++++ Extracted data ++++
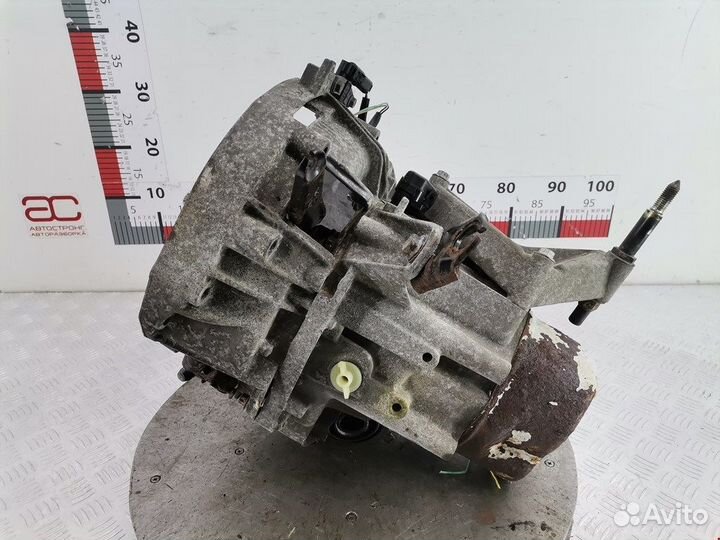 Кпп для Renault Scenic 1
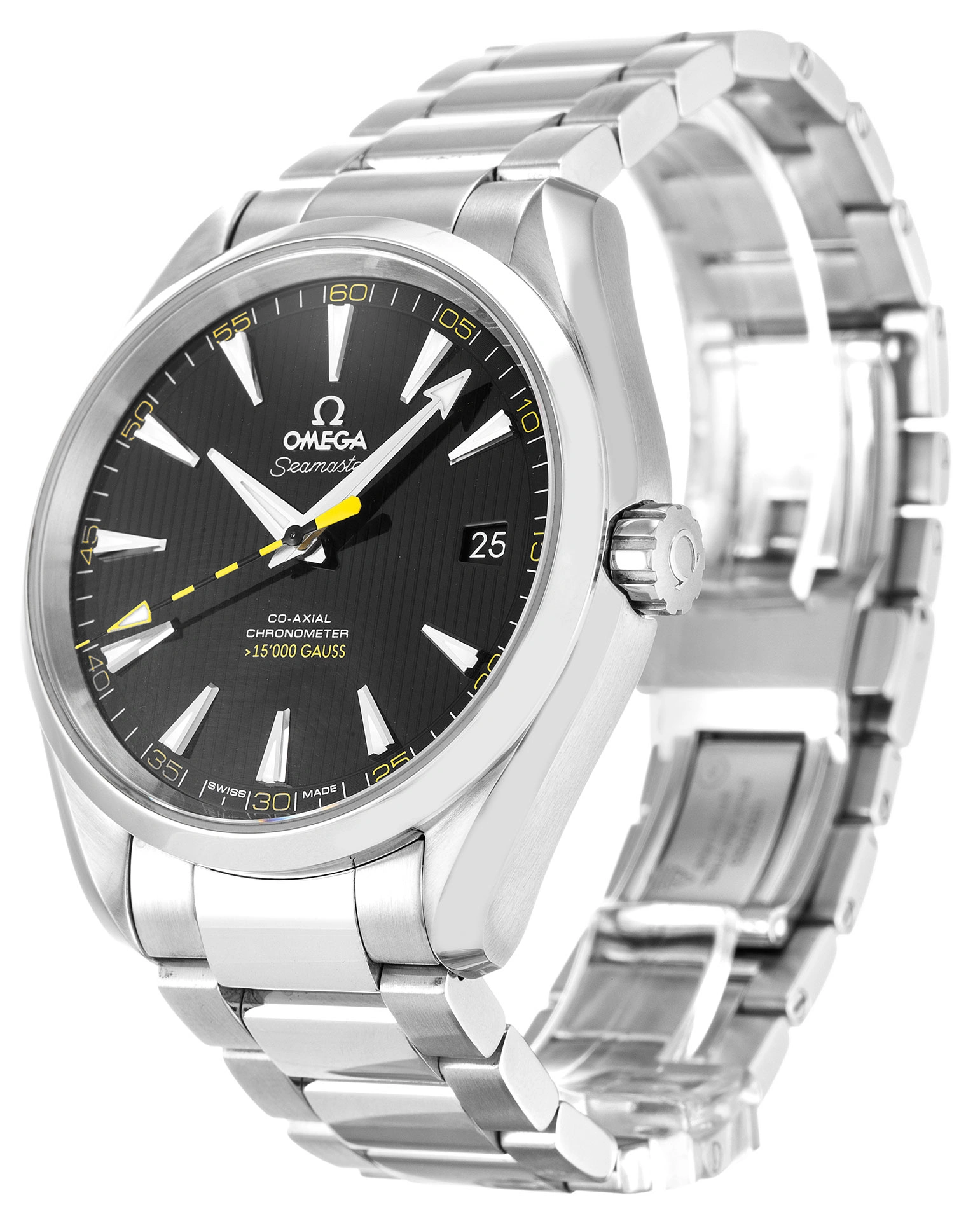 Reliable Omega Aqua Terra 150m Gents 231.10.42.21.01. 725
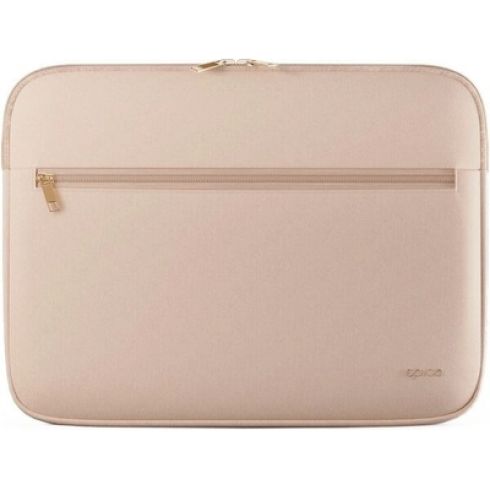 Epico Neoprenové púzdro pre Apple MacBook Pro 14"/Air 13"/Air 13, 6" - růžová Epico Neoprenové púzdro pre Apple MacBook Pro 14"/Air 13"/Air 13, 6" - růžová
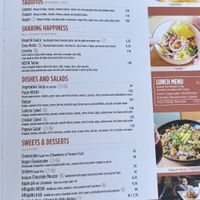   at Noshi Coffee in Porto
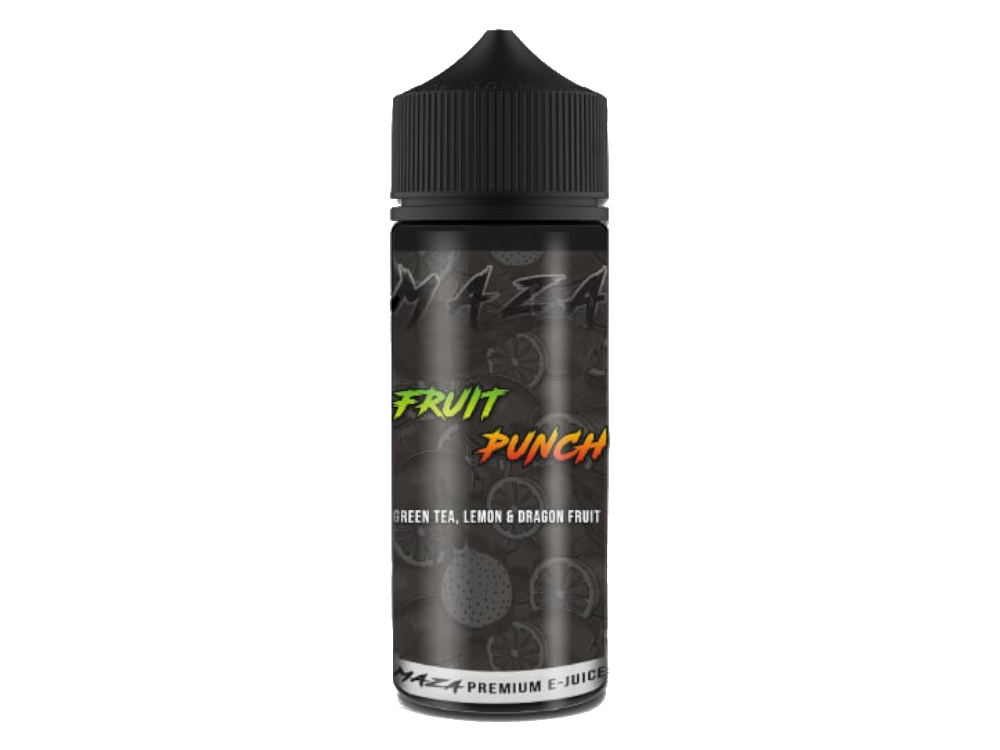 MaZa - Aroma Fruit Punch 10 ml 5er Packung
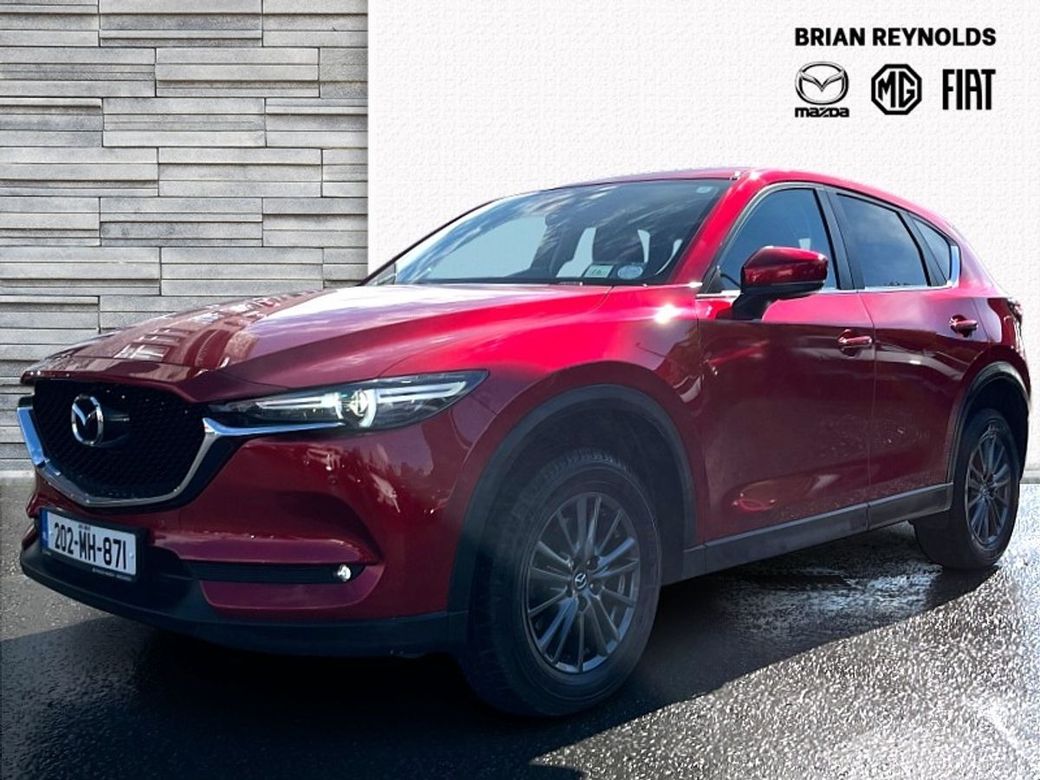 Image for 2020 Mazda CX-5 2WD 2.2D (150ps) GS-L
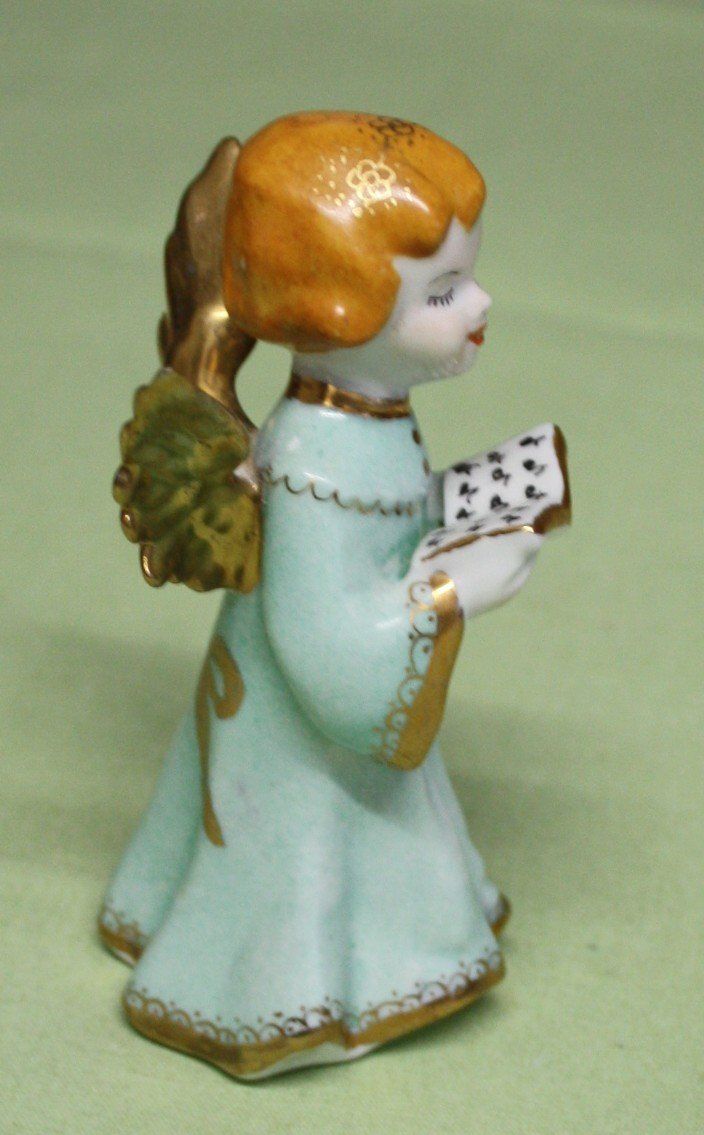Statuette: Engel mit Gesangsbuch – Usato da Flüelen venduto da Alt-und-Neu 6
++++
**Exercise details:** An exact copy of the listing is required; return it without any pictures.

**Answer space:**
 Кпп для Renault Scenic 1
 Reliable Omega Aqua Terra 150m Gents 231.10.42.21.01. 725
 Epico Neoprenové púzdro pre Apple MacBook Pro 14"/Air 13"/Air 13, 6" - růžová Epico Neoprenové púzdro pre Apple MacBook Pro 14"/Air 13"/Air 13, 6" - růžová
   at Noshi Coffee in Porto
 MaZa - Aroma Fruit Punch 10 ml 5er Packung
 Image for 2020 Mazda CX-5 2WD 2.2D (150ps) GS-L
Statuette: Engel mit Gesangsbuch – Usato da Flüelen venduto da Alt-und-Neu 6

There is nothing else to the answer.